Bill and I chatted…sparingly. Our hearts are heavy. A cherished friend is at the last stage of a painful mortal illness and soon will leave us.
As we walk, normally we plan the day before us. Bill holds Uschi’s leash…I no longer need the support of a stick. Often I drift and dream.
This morning I kept hearing the lines of Gerard Manley Hopkins’ sonnet inspired by a kestrel:
“I caught this morning morning’s minion, kingdom of daylight’s dauphin, dapple-dawn-drawn Falcon…”
How glorious…one hundred forty-seven years ago in London, a thirty-three-year-old Jesuit knew my feeling this sad but beautiful Santa Cruz morning.
If you aren’t familiar with Hopkins’ poetry, I am thrilled to introduce you to a heartbreakingly original and soaringly spiritual genius.
The Windhover
Gerard Manley Hopkins 1844 – 1889
I caught this morning morning's minion, king- dom of daylight's dauphin, dapple-dawn-drawn Falcon, in his riding Of the rolling level underneath him steady air, and striding High there, how he rung upon the rein of a wimpling wing In his ecstasy! then off, off forth on swing, As a skate's heel sweeps smooth on a bow-bend: the hurl and gliding Rebuffed the big wind. My heart in hiding Stirred for a bird,—the achieve of; the mastery of the thing! Brute beauty and valour and act, oh, air, pride, plume, here Buckle! AND the fire that breaks from thee then, a billion Times told lovelier, more dangerous, O my chevalier! No wonder of it: shéer plód makes plough down sillion Shine, and blue-bleak embers, ah my dear, Fall, gall themselves, and gash gold-vermillion.

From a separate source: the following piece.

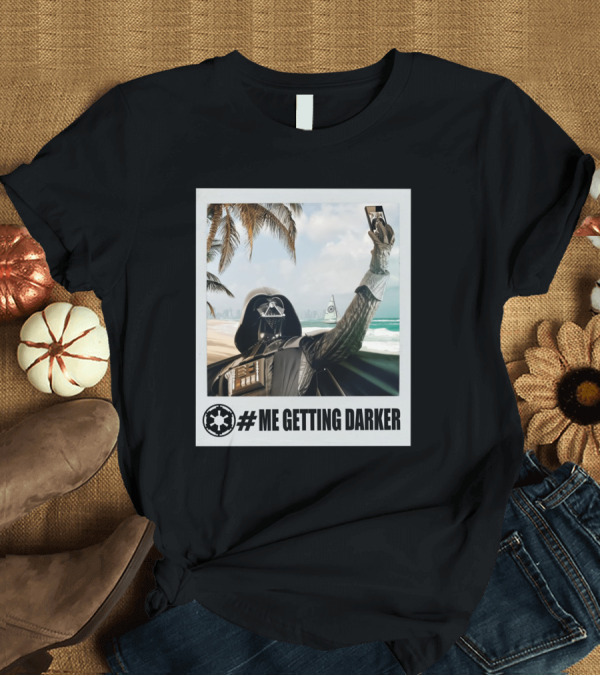 T-Shirt: Me Getting Darker Darth Vader Star Wars Beach Selfie T-Shirt Me Getting Darker Darth Vader Star Wars Beach Selfie T-Shirt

This poem is in the public domain.
Note Please – WordPress won’t allow me to insert the indents specific to this poem, but if you want to read it with the proper indents, click the link I included in the poem title.
4 Comments. Leave new
Sylvia, you remembered such a deep poem. I view a falcon soaring in the wind… using the measured wisps and gusts as it spots its prey. I never thought that “skaters” would be literal. Now I see one gliding their way in a figure 8. Thanks for the thought-provoking message. We CAN power our own life. Spectacular.
Dearest Gail, your empathy and caring are deeply appreciated.
Thank you, dear Sylvia, for returning this poem to me after 60 years as an undergraduate at UCLA. I read it this morning and soared with mad Hopkins.
Ah, Malka, so happy you are also a Hopkins person. His language drives me crazier than I usually am.